Marcos Navarro

Personal information
- Full name: Marcos Navarro Blázquez
- Date of birth: 30 May 2004 (age 22)
- Place of birth: Riba-roja de Túria, Spain
- Height: 1.72 m (5 ft 8 in)
- Position: Left back

Team information
- Current team: Valencia B
- Number: 3

Youth career
- Ribarroja
- Alboraya
- Valencia
- 2022–2023: Levante

Senior career*
- Years: Team / Apps / (Gls)
- 2023–2024: Levante B / 14 / (0)
- 2023–2025: Levante / 13 / (0)
- 2025–: Valencia B / 32 / (0)

= Marcos Navarro =

Spanish footballer

Marcos Navarro Blázquez (born 30 May 2004) is a Spanish footballer who plays as a left back for Valencia CF Mestalla.

==Career==
Born in Riba-roja de Túria, Valencian Community, Navarro joined Valencia CF's youth setup from Alboraya UD. On 15 June 2022, aged 18, he moved to Levante UD and was assigned to the Juvenil squad.
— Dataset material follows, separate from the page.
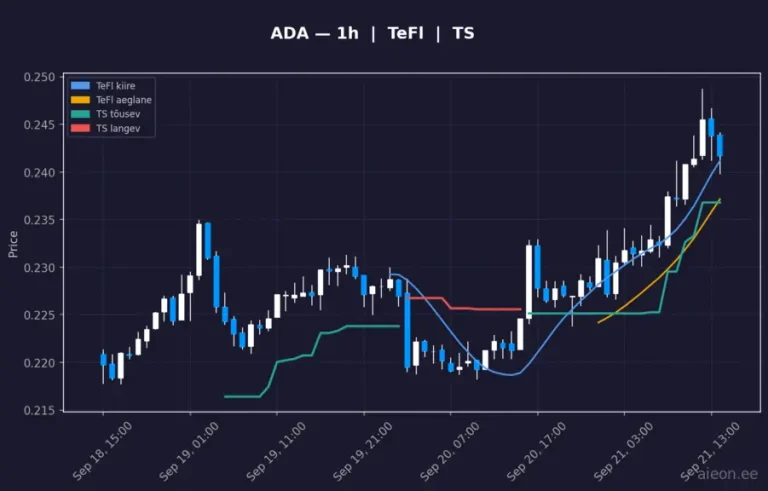 Cardano (ADA) 1h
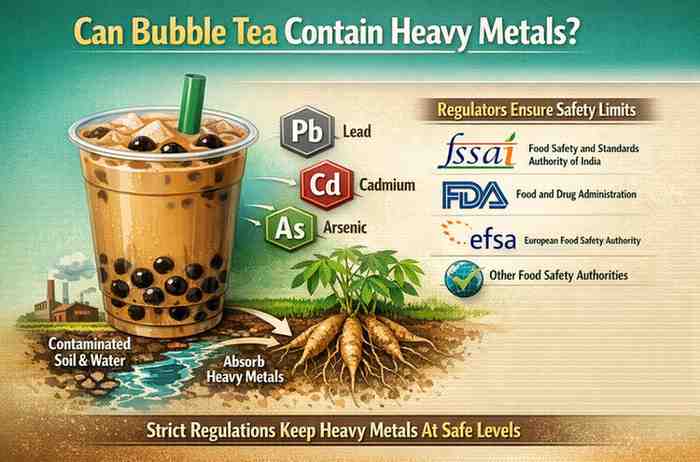 Can Bubble Tea Contain Heavy Metals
Navarro was promoted to the reserves in Tercera Federación on 20 July 2023, but spent the entire pre-season with the main squad. He made his professional debut on 25 August, coming on as a late substitute for Álex Valle in a 1–0 Segunda División away win over FC Cartagena.

On 29 July 2025, Navarro returned to Valencia and was assigned to the reserves in Segunda Federación.